The longest U.S. economic expansion should continue in 2020
EXHIBIT 1: Length of expansions and recessions in months
Source: National Bureau of Economic Research, J.P. Morgan Asset Management. *Chart assumes current expansion started in July 2009 and continued through November 2019, lasting 125 months so far. Data are as of November 26, 2019.
The strongest part of the U.S. economy should continue to be consumer spending. Even as the lift from the 2017 tax cuts fades, household spending will be supported by good gains in wages. Over the course of 2020, we expect real disposable income to climb by roughly 2.0%, as wages continue to outpace inflation and payrolls gradually expand. Investment spending, however, will remain sluggish as businesses deal with uncertainty from ongoing trade tensions and a slow-growing global economy. In addition, inventories should grow more slowly, dragging on GDP growth, while trade and government spending should have more neutral effects.
On balance, we believe the U.S. economy will avoid recession in 2020. The greatest risk of a downturn centers around the possibility that businesses might collectively freeze or reduce hiring, given trade uncertainty and a slow-growth outlook.
However, this is probably not quite enough to cause a recession and the historically most potent recession triggers appear less dangerous at this time.
First, long-term interest rates are unusually low for this late in an expansion. This means that neither businesses nor consumers are getting boxed out of big-ticket spending decisions because of high financing costs.
Second, the most cyclical sectors of the economy are subdued with no boom in housing, autos or capital spending. This reduces the risk of a “boom-bust” cycle pushing the economy into recession.
That being said, slow economic growth should translate into slow employment growth, with monthly job gains of roughly 130,000 in 2020 compared to 170,000 in 2019 and over 220,000 in 2018. Very low labor force growth implies that even this reduced pace of job growth should be consistent with a gradual tightening of the labor market, with the unemployment rate falling to 3.3% in the fourth quarter of 2020 from 3.5% a year earlier. Despite this, wage growth will likely remain steady at between 3.0% and 3.5% year-over-year, as the pressure of tightening labor markets meets a concerted corporate effort to maintain margins.
Both the unemployment rate and wage growth should be steady in 2020
EXHIBIT 2: Civilian unemployment rate and year-over-year growth in average hourly earnings, percent
Source: Bureau of Labor Statistics, J.P. Morgan Asset Management. Data are as of November 26, 2019.
All of this should result in low and steady inflation, with the core consumption deflator gradually moving up to a 2.0% year-over-year gain from its recent pace of 1.7%. Profits should also grow at only a low single-digit pace from a very elevated level, as corporations get squeezed by a steady rise in compensation and sluggish markets.
Finally, Washington will both impact and be impacted by the economy in 2020. Despite signs of de-escalation in the trade war, the threat of tariff hikes will likely remain through 2020, reducing exports, imports and investment spending.
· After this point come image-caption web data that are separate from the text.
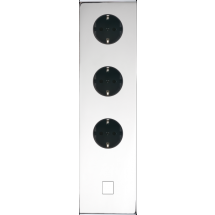  FAC LAITON CHROME QV 3xPCK M1 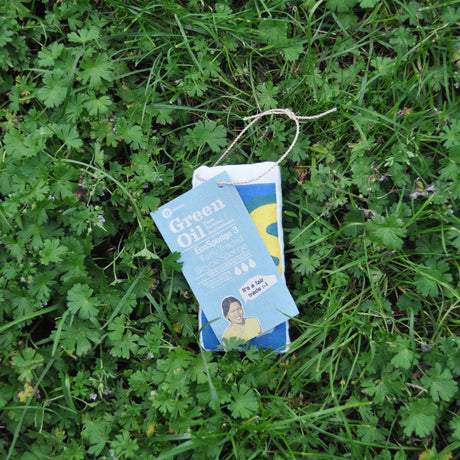 Green Oil - EcoSponge - ZEITBIKE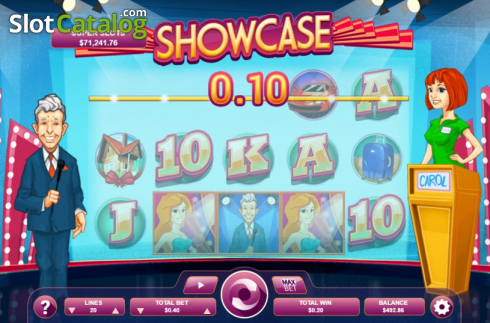 Οθόνη4. Showcase Κουλοχέρης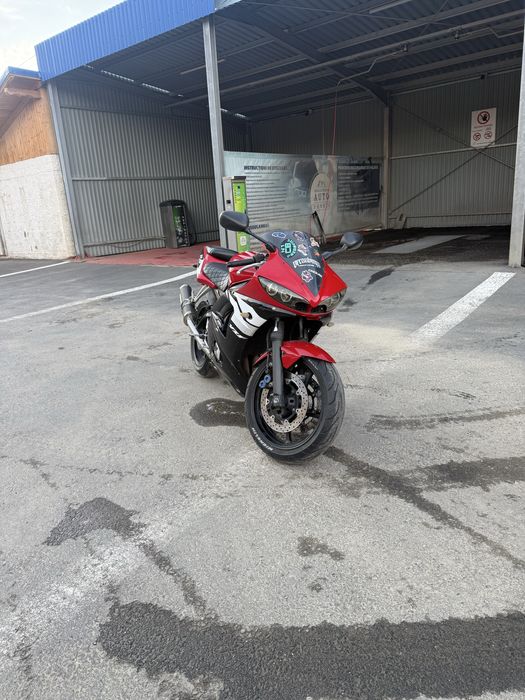 Yamaha R6 2006 120 cp injectie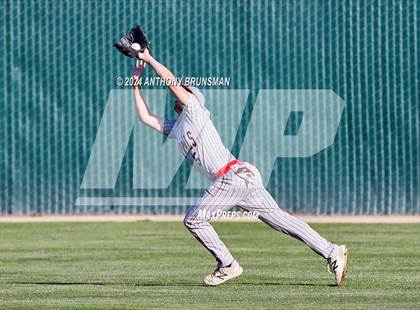 Thumbnail 2 in Valley Christian vs. Woodland Christian (CIF SJS D7 Final) photogallery.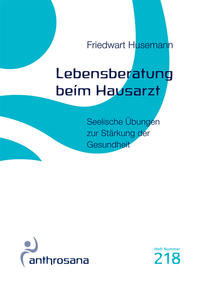 Vorderes Coverbild Lebensberatung beim Hausarzt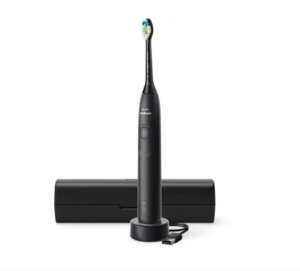 Periuta de dinti electrica PHILIPS Sonicare 5300 HX7101/02, 62000 miscari/min,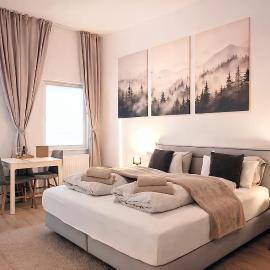 Pfalzliebe Suites - Suite Birgit, Landau Zentrum，蘭道因德普法爾茨的飯店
With regard to the 2020 U.S. elections, because of the early stacking of primaries, it should be easy to predict the Democratic nominee for president by March 17. Investors will be interested in this candidate’s proposals on corporate taxation, regulation and health care.
Much of the year will be spent handicapping the November election both with regard to the race for the presidency and control of Congress. A divided government is the most likely outcome. However, one party controlling the White House, the House of Representatives and the Senate could bring more radical policy change. Finally, fiscal 2020 will see the budget deficit exceed $1 trillion for the first time since 2012, and financing this deficit may put some extra strain on the bond market.